En el debate político contemporáneo, hemos sido testigos de un fenómeno que no solo resulta intelectualmente deshonesto, sino que, además, denota una profunda ignorancia histórica y conceptual: la utilización del término «fascismo» por parte de líderes de izquierda para referirse a políticas libertarias o de derecha.
Esta distorsión no es accidental ni inocente; forma parte de una estrategia de desprestigio cuyo objetivo es demonizar a los adversarios políticos mediante la asociación con un término históricamente infame.
Orígenes etimológicos e históricos del fascismo
Para comprender la magnitud de esta manipulación, es esencial regresar a la raíz del concepto. «Fascismo» proviene del italiano fascio, que significa «haz» o «fuerza unida». Surgió como una ideología en la Italia de Benito Mussolini durante la década de 1920, caracterizándose por un fuerte estatismo, corporativismo económico, nacionalismo extremo y una supresión brutal de la disidencia.
A esto se suman el control estatal de la economía, la militarización de la sociedad y el rechazo al individualismo propio de las democracias liberales y el capitalismo de libre mercado.
Resulta paradójico, entonces, que aquellos que defienden economías intervenidas, un Estado omnipresente y la censura de opiniones disidentes sean precisamente quienes se apresuran a calificar de «fascistas» a sus opositores, que muchas veces representan posiciones más afines a la libertad individual y al mercado abierto. La contradicción es flagrante y revela una intencionalidad política más que una base argumentativa válida.

El uso propagandístico del término
La instrumentalización de «fascismo» por parte de la izquierda no es nueva. Desde la Guerra Fría, diversas corrientes de pensamiento marxista han intentado equiparar el liberalismo económico con el autoritarismo, tergiversando el verdadero significado del fascismo. Intelectuales como George Orwell ya advertían sobre el vaciamiento semántico de la palabra, alertando que su uso indiscriminado la convertiría en una mera herramienta propagandística.

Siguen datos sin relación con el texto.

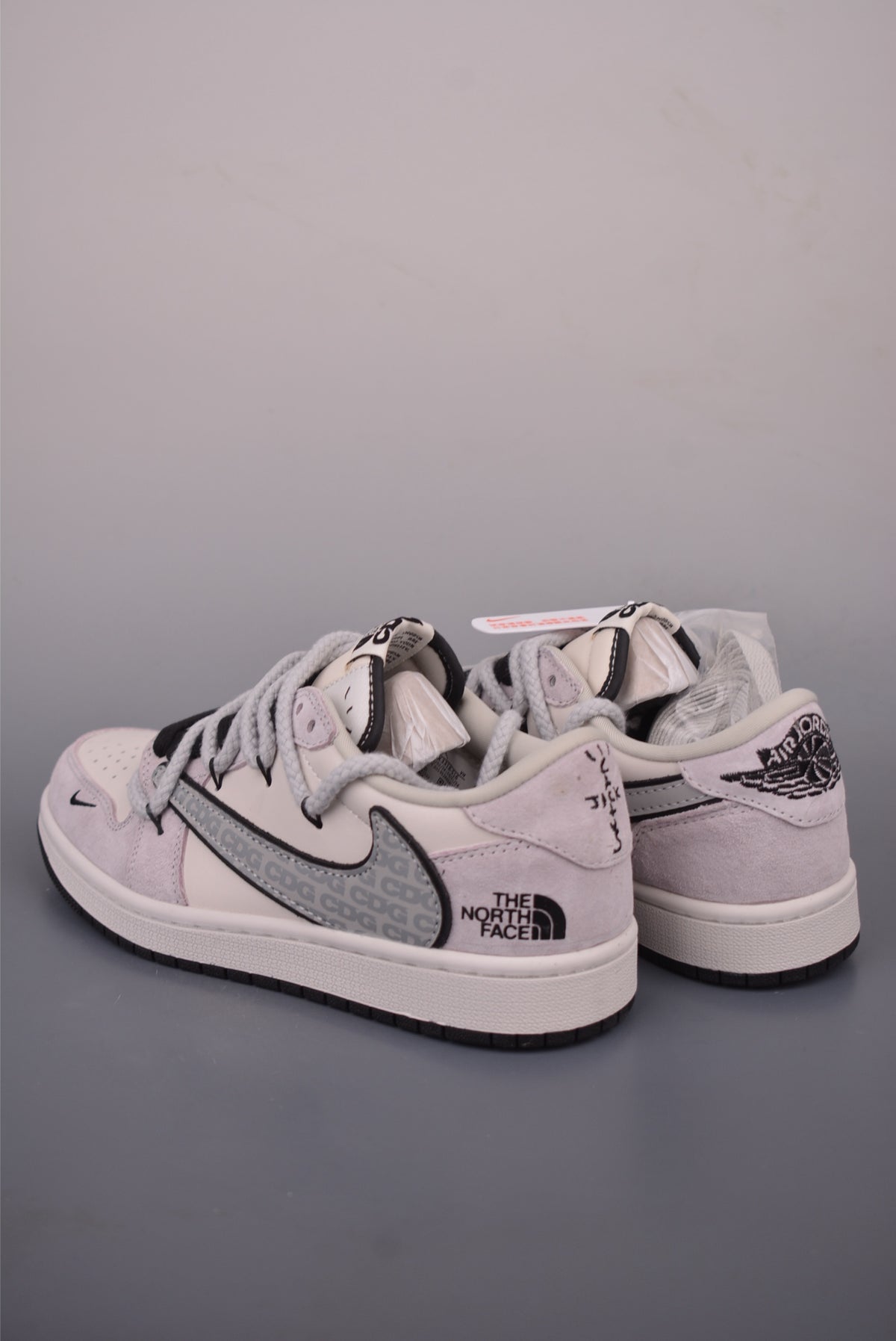 Fragment x Travis Scott x Nike Air Jordan 1 Low - Image 2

Líderes políticos de izquierda recurren a esta falacia con el fin de polarizar el debate y evitar una discusión seria sobre sus propias fallas. En lugar de contrastar ideas con fundamentos sólidos, optan por etiquetas que apelan a las emociones y al miedo irracional. Este mecanismo retórico no solo empobrece el debate público, sino que además desinforma y menosprecia la inteligencia de la sociedad, tratándola como incapaz de diferenciar realidades históricas.
La tergiversación y sus consecuencias
Más allá del simple mal uso de un término, esta estrategia tiene repercusiones profundas. En primer lugar, banaliza el verdadero significado del fascismo, minimizando su impacto histórico y reduciéndolo a un insulto político vacío.
En segundo lugar, impide la posibilidad de un diálogo real y una confrontación de ideas basada en la razón y la evidencia. Y finalmente, demuestra la falta de rigor intelectual de quienes, en su afán por desacreditar a sus rivales, caen en errores conceptuales que los exponen como ignorantes o, peor aún, como manipuladores sin escrúpulos.
El necesario rescate del lenguaje y la verdad
Es imperativo que se ponga un alto a esta deformación del lenguaje. La política y el debate de ideas no pueden basarse en falacias, tergiversaciones y etiquetas vacías. Quienes emplean el término «fascismo» para desacreditar a sus adversarios, sin conocimiento ni sustento histórico, no solo exhiben su desconocimiento, sino que contribuyen a un clima de polarización artificial que nubla el verdadero problema: la falta de ideas y propuestas sólidas, entre otro tipo de actos peligrosos y perjudiciales para toda la sociedad.
Defender la precisión en el lenguaje no es un capricho académico; es una necesidad para el pensamiento crítico y la honestidad intelectual. No se puede permitir que el debate político sea secuestrado por la ignorancia y la desinformación. La sociedad tiene derecho a la verdad, y es responsabilidad de todos exigirla y defenderla.